Additional Information:

Forward Flow based lookup yields rule:

in  id=0x7fff984e5750, priority=6, domain=nat, deny=false

        hits=207, user_data=0x7fffa1ea9380, cs_id=0x0, flags=0x0, protocol=0

        src ip/id=10.0.125.0, mask=255.255.255.0, port=0, tag=0

        dst ip/id=0.0.0.0, mask=0.0.0.0, port=0, tag=0 dscp=0x0

        input_ifc=inside, output_ifc=outside

Phase: 5

Type: NAT

Subtype: per-session

Result: ALLOW

Config:

Additional Information:

Forward Flow based lookup yields rule:

in  id=0x7fff9e8fb6e0, priority=0, domain=nat-per-session, deny=true

        hits=418401, user_data=0x0, cs_id=0x0, reverse, use_real_addr, flags=0x0, protocol=0

        src ip/id=0.0.0.0, mask=0.0.0.0, port=0, tag=0

        dst ip/id=0.0.0.0, mask=0.0.0.0, port=0, tag=0 dscp=0x0

        input_ifc=any, output_ifc=any

Phase: 6

Type: IP-OPTIONS

Subtype:

Result: ALLOW

Config:

Additional Information:

Forward Flow based lookup yields rule:

in  id=0x7fff9f307540, priority=0, domain=inspect-ip-options, deny=true

        hits=1321622, user_data=0x0, cs_id=0x0, reverse, flags=0x0, protocol=0

        src ip/id=0.0.0.0, mask=0.0.0.0, port=0, tag=0

        dst ip/id=0.0.0.0, mask=0.0.0.0, port=0, tag=0 dscp=0x0

        input_ifc=inside, output_ifc=any

Result:

input-interface: inside

input-status: up

input-line-status: up

output-interface: outside

output-status: up

output-line-status: up

Action: drop

Drop-reason: (nat-cluster-unassigned-pool) NAT unassigned pool in cluster

Well from that last trace, it's reporting an issue with your NAT setup. Can you share the network object and associated NAT configuration?
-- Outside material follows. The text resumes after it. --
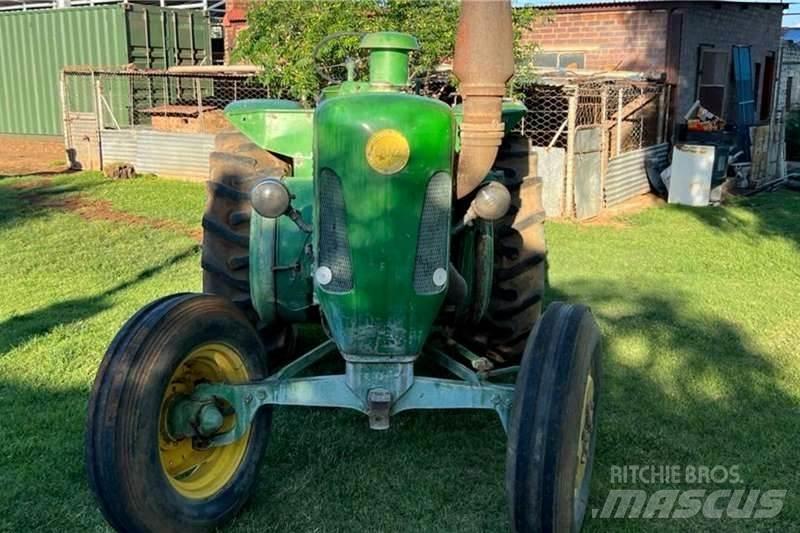 John Deere Lance Tractoare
object network CX-MANAGEMENT

subnet 10.0.125.0 255.255.255.0

object network CX-MANAGEMENT

nat (inside,outside) dynamic interface

Your NAT rule looks very straightforward. Unless there's another NAT rule above it in the firewalls configuration, I'm not convinced the packet-tracer output is legitimately showing what the ASA is doing. After all, your earlier post showed both translate and untranslate hits.
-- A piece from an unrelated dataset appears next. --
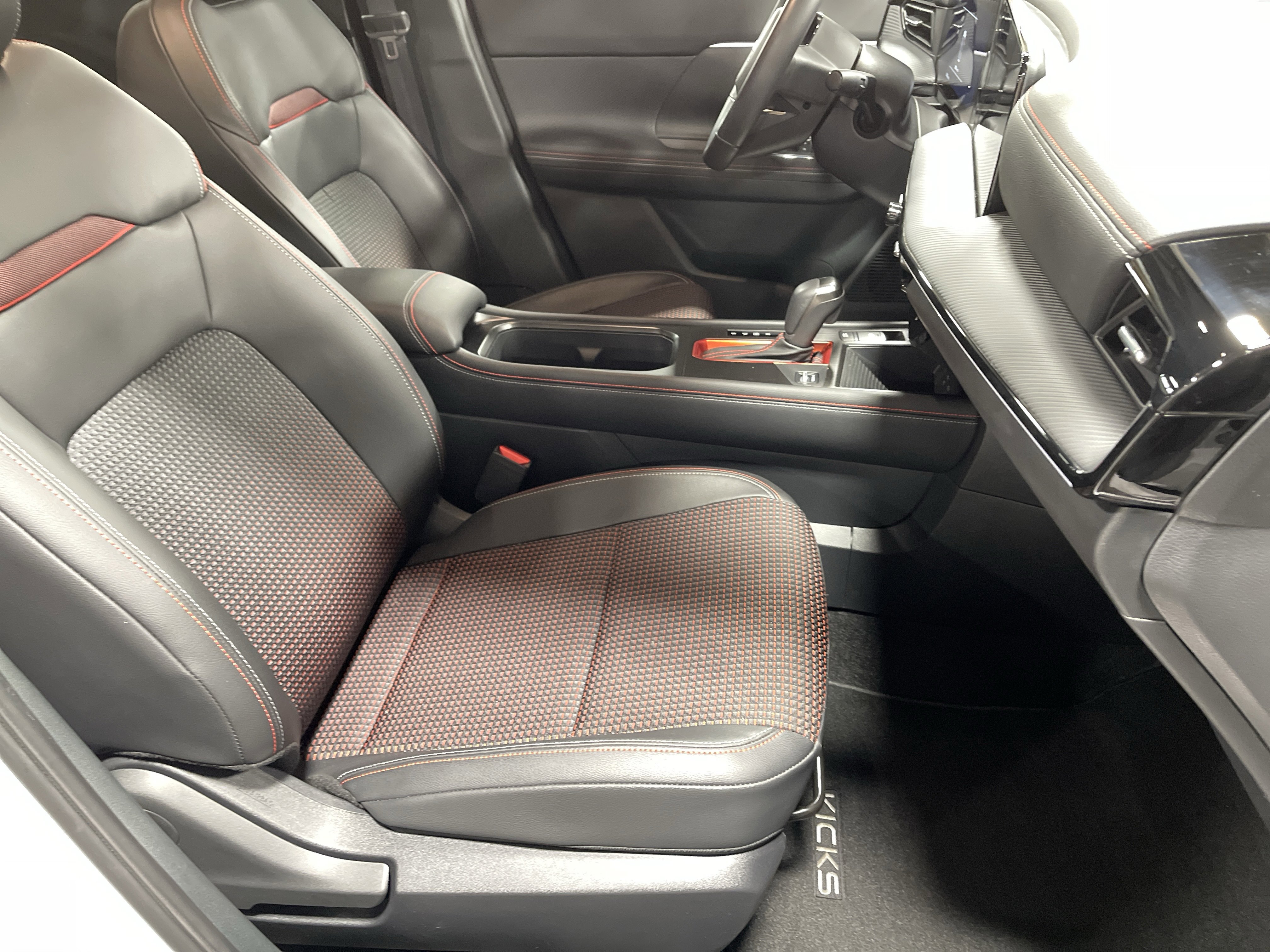 Used 2025 Nissan Kicks SR image 13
From the ASA inside interface can you ping the CX VLAN SVI and CX IP address (and vice versa)?

Hi,

I can't ping the CX SVI or CX IP address from the inside interface

Could you post a full sanitized configuration of your ASA please.  I am wondering if there is another NAT statement that is messing things up.

Hi,

Config attached to original post

Thank you very much for your help on this

You're welcome. Sometimes it's the smallest things.
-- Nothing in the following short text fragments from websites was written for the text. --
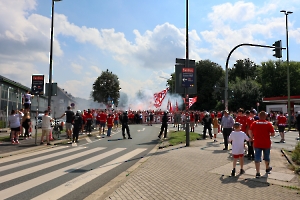 Fanmarsch Rot-Weiss Essen Fans vor Pokalspiel gegen Leipzig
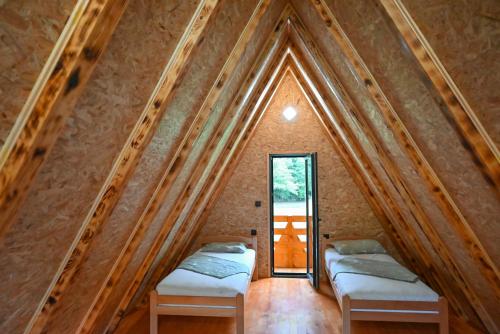 um quarto com 3 camas num sótão em Freedom in Forest em Jajce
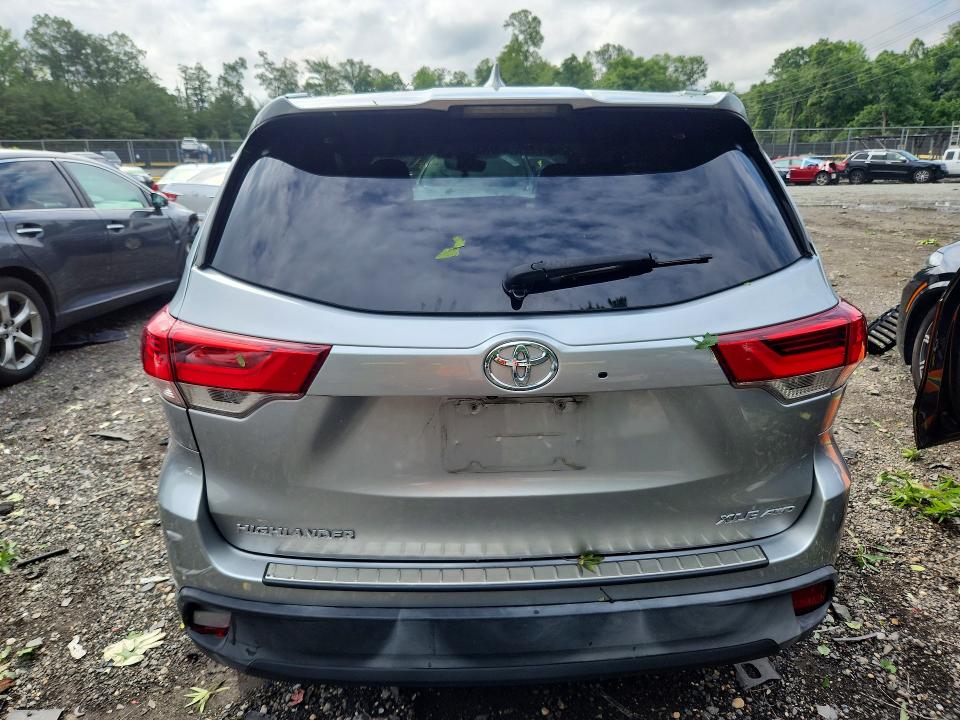 2017 Toyota VIN 5TDJZRFH1HS419267 COPART salvage auction — FRONT END, Md - Cert Of Salvage > 75% Damage, sold $4,050 on 2026-07-31 (photo 6)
I was working a setup this weekend and banging on the keyboard most of the night and unable to solve one problem at the end of a string of tasks. I looked at it again after getting a good night's sleep and found the customer had misconfigured the subnet mask on one interface. Sometimes that "sort of" works - you can pass traffic and reach remote devices but EIGRP, even though it would form an adjacency, would not update routes. I changed the /16 mask to /24 and - voila - everything worked as expected.

Lol. Yeah, it's always the small things that come back and bite.

Once again, thanks for all the help you have given.